そして「時代」というのもなかなか難しくて、例えばベルリンの壁崩壊や911の映像をニュースで見た世代は「これから世界はどうなるのだろう」とひとつの時代の終わりを肌感覚で持っていて、そうじゃない人への説明が難しい。オウム真理教の一連の事件に阪神大震災、山一證券の会見に凶悪化した少年犯罪。なんだろう、私たちの世界はどうなるんだろう。そんな不安を常に抱えていたような気もする。


世界の続きを考えると、追いかけるようにリーマンショックがやってきて、東日本大震災。私たちの日常は大きく変わり、気がつけば誰もがスマホを持つようになっていた。ウィズコロナの時代に突入して、世界は再びロシアとウクライナとの狭間で揺れている。この時代の不安感をそのまま書くのも面白いけど、あとの時代の人にはおそらくなかなか理解できない。


もう歴史の教科書の出来事くらい昔だとフラットに考えられるのかもしれないけど、自分の親世代くらいの説教ってものすごく冷めて聞こえるし、古臭くて聞いていられない。あなたと時代が違うのよ、あなたと同じだと思わないで。


これと逆を行くのが「大人はわかってくれない」という内容のもの。「どうして私たちを理解してくれないの!?」という悲鳴のようなものも感じるけれど、ものすごく独りよがりなわがままにも聞こえる。


個人的に「大人はわかってくれない」系のコンテンツは賞味期限があるので長いこといろいろやっていこうと思っている人にはオススメできないなと思ってる。だっていい歳して「大人なんかダサいよな?」みたいなのをやってても、あなた大人ですやん、としか……みたいな人たまにいる。大人って何だ!なんなんだ!


自分の話をすると、今書いている作品は確実に高校生にはオススメしない。
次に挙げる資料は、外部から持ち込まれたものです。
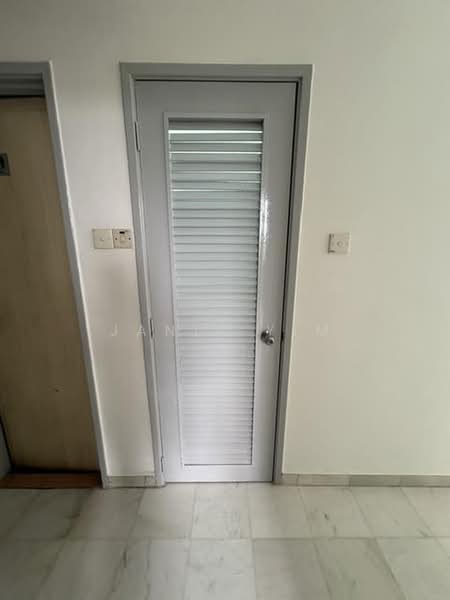 Condominium for Sale at Tiara Faber - Janis Yim - Interior - PropertyGuru.com.my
いろいろと大人の汚いところとかダメなところとかをとにかく詰め込むだけ詰め込んでいるので、人間というものに絶望するかもしれない。逆に高校生が読んだらどんな感想になるのか少し興味はある。いや、読まないでもっと楽しい小説をほしいけれど。


さて、読んでもらうために「誰に」「何を」読ませるのが最適解になるのでしょう?


え?


どうせ異世界転生して俺TUEEEEするから時代とかあんまり関係ない?


うーん……


そういうものなのかもしれないな……そういうの面倒臭いからみーんなファンタジーなわけだし……。


でも将来、「異世界転生で俺TUEEEEだって、ダッサ!」みたいな時代が来たら、どうする?


そのときは何を書く?


まあつまり、好きなものを好きに書くのが最適解よ。まずは書くものがないと読ませられない。ターゲットを考えるのは、ある程度書けてからじゃないかな。


好きなものを好きに書けない時代なんて御免だけど、先の時代も見据えて書いていきましょう。